Welcome to CodeHarvester, a language-agnostic library designed to efficiently extract meaningful chunks of code from source code projects. This capability facilitates sophisticated analysis and provides contextual understanding for machine learning models.
Ensure you have Rust installed on your machine.
Clone the CodeHarvester repository to your local machine:
git clone https://github.com/your-username/CodeHarvester.git
cd CodeHarvester
To build the project, navigate to the project directory and use Cargo, Rust's package manager.
cargo build
This command creates an executable file in target/debug/
.
In the CodeHarvester project, we provide several key functions to extract meaningful code from Python source code.
This function tokenizes the input Python code and returns a vector of tokens.
use code_harvester::parse_python_code;
let code = "def add(x, y):\n return x + y";
let tokens = parse_python_code(&code);
This function reads a Python file, tokenizes the code, and returns a vector of tokens.
use code_harvester::read_file_and_parse;
let tokens = read_file_and_parse("/path/to/your/python/file.py");
This function extracts code structures (classes and functions) from the input Python code and returns a vector of CodeStructure
.
use code_harvester::extract_code_structures;
let code = "def add(x, y):\n return x + y";
let structures = extract_code_structures(&code);
To run all tests:
cargo test
Please read CONTRIBUTING.md
for the process for submitting pull requests to us.
This project is licensed under the MIT License. See the LICENSE
file for more details.
Feel free to create an issue for any questions or problems you might have. We'll gladly help you to make the most out of CodeHarvester.
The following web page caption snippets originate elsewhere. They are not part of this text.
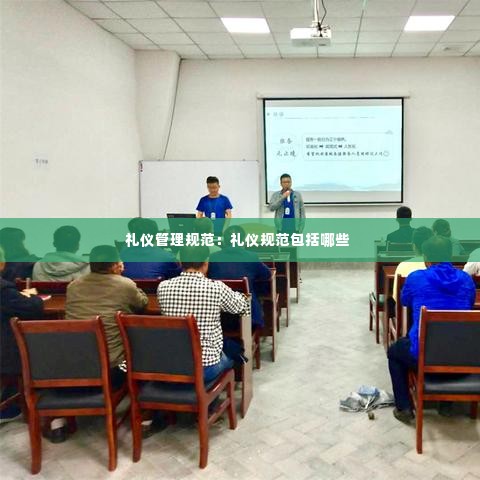 礼仪管理规范：礼仪规范包括哪些 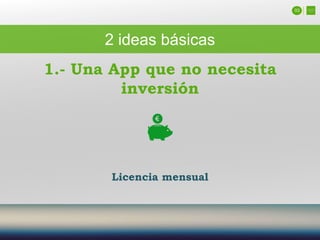 03
2 ideas básicas
Licencia mensual
1.- Una App que no necesita
inversión
 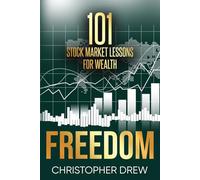 101 Stock Market Lessons for Wealth: Stock Market Wisdom That Most Investors Never Learn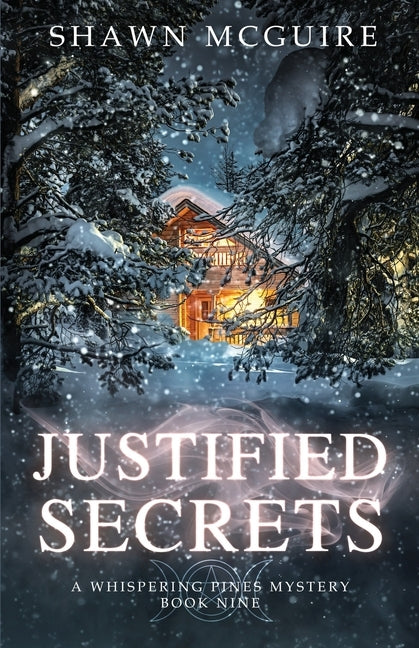 Justified Secrets: A Whispering Pines Mystery, Book 9 by McGuire, Shawn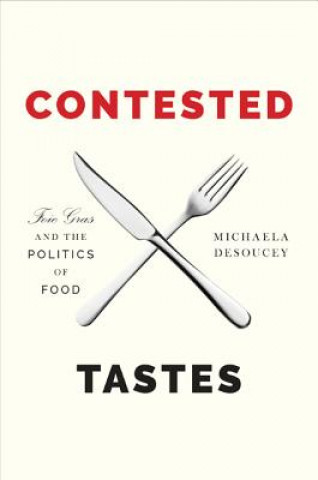 Libro Contested Tastes Michaela Decoucey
As CodeHarvester continues to evolve, we are committed to expanding our functionality. Here's a brief glimpse into our roadmap:
-
Parsing Python: We are currently in the midst of enhancing our capabilities for parsing Python code structures. This includes comprehensive parsing of Python classes, functions, decorators, and more.
-
Expanding to Rust: Once we have strengthened our Python parsing, we plan to extend our solution to include the Rust language. This will allow for analysis and understanding of projects built with this increasingly popular system-level language.
-
JavaScript & TypeScript: Further down the road, we intend to implement functionality for parsing JavaScript and TypeScript. This will extend CodeHarvester's usability to front-end and full-stack projects, broadening its potential applications and usefulness.
Our roadmap reflects our dedication to continual improvement and user-centric design. We welcome feedback and contributions that help us move closer to our goals.